Most of the people I coach are somewhere in the cycle of reappearing or disappearing. They are usually uncomfortable because they are still living under the expectation that their song must raise the sun (their focus is on the result). The things on their to-do list have overtaken the reason why they are doing them. We live in a society that has little awareness or appreciation of the cycles of life and sometimes I think my work is simply to give witness to the caterpillar as it reduces to mush. Disappearing is natural and necessary for the butterfly to emerge and the butterfly always emerges. The struggle is necessary. Resisting the change is like trying to keep the sun from going down.

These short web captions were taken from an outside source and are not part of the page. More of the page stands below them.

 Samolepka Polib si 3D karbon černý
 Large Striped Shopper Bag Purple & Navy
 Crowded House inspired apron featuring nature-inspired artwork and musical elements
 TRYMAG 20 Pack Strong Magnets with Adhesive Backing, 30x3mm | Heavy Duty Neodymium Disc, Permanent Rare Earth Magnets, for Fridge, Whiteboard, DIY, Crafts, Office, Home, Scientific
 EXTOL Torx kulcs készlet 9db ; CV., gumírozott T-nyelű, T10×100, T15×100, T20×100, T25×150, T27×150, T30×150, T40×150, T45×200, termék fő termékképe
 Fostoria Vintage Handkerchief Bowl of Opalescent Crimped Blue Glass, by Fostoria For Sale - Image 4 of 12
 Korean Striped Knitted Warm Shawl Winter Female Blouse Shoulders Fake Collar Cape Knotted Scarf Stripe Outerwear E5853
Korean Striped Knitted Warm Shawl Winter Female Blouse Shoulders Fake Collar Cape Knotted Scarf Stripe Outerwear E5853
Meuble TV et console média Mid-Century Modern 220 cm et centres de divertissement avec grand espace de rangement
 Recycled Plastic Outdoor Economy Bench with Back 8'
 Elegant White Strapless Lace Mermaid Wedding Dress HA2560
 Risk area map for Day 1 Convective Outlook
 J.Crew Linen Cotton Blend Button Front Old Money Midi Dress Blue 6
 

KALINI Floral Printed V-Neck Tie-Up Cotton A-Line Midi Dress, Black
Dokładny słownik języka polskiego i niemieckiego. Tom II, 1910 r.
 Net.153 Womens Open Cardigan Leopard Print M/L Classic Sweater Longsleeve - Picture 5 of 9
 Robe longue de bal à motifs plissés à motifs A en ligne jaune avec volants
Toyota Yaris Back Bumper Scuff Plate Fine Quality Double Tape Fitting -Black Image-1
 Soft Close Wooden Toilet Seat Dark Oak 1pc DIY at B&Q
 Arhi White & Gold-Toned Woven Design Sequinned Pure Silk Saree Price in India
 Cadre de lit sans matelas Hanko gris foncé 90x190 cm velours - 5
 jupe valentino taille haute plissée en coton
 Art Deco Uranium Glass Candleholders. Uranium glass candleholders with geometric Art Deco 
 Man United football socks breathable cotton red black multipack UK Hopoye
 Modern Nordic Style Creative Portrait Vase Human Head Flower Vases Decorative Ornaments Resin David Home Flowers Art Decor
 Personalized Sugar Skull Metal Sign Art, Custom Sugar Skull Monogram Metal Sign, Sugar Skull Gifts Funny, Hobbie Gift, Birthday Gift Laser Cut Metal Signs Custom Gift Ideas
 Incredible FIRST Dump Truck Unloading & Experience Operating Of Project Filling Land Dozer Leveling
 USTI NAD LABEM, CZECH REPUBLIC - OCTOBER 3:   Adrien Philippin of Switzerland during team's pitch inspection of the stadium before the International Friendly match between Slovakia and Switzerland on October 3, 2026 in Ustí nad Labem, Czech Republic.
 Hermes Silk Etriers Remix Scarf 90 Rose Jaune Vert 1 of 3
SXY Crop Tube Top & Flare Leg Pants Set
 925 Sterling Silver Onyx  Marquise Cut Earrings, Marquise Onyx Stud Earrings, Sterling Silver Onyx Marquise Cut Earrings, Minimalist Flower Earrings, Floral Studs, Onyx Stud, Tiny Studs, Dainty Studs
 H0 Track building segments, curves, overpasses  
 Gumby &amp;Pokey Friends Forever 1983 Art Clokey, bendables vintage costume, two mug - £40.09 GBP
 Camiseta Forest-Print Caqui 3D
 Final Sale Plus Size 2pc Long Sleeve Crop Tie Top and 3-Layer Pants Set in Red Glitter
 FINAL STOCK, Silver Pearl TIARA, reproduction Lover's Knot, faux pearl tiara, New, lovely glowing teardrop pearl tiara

Leigh is one of the world’s leading authorities on Rock Art (cave painting, petroglyphs, etc.) and his townhouse is a feast for someone like me. It is a treasure house of books and images from Rock Art sites – places where centuries ago humans scratched an image into rock or painted a picture on the wall of a cave. We don’t know why they made these images, we can only speculate about the figures and what they represent. I’m willing to bet that these people weren’t working for some effect or result. The images they created were less important than the relationships the image encouraged; the “doing” was in support of the “being” and happened in that space between disappearing and reappearing.